- _Task item_:
For the entries below, print exactly the lines between the line holding "Flacon d'huile essentielle" and the line holding "домашнее животное животное порода собак", inclusive, and nothing else.

- _Material provided_:
● ● ● ● ● ● ●
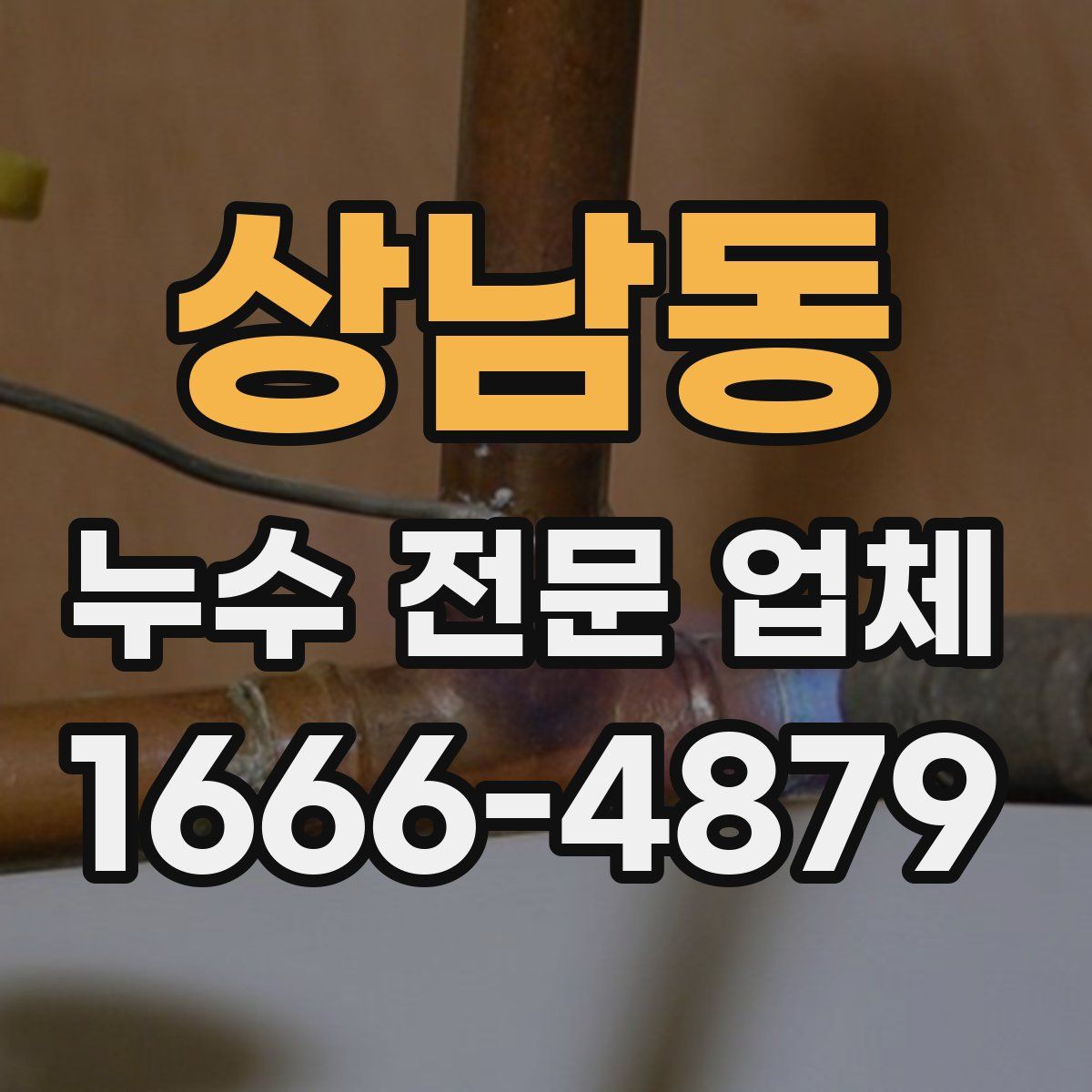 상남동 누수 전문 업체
● ● ● ● ● ● ●
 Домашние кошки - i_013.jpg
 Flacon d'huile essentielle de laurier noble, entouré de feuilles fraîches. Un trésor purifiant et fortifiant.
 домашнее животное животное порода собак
● ● ● ● ● ● ●
- _Task output_:
 Flacon d'huile essentielle de laurier noble, entouré de feuilles fraîches. Un trésor purifiant et fortifiant.
 домашнее животное животное порода собак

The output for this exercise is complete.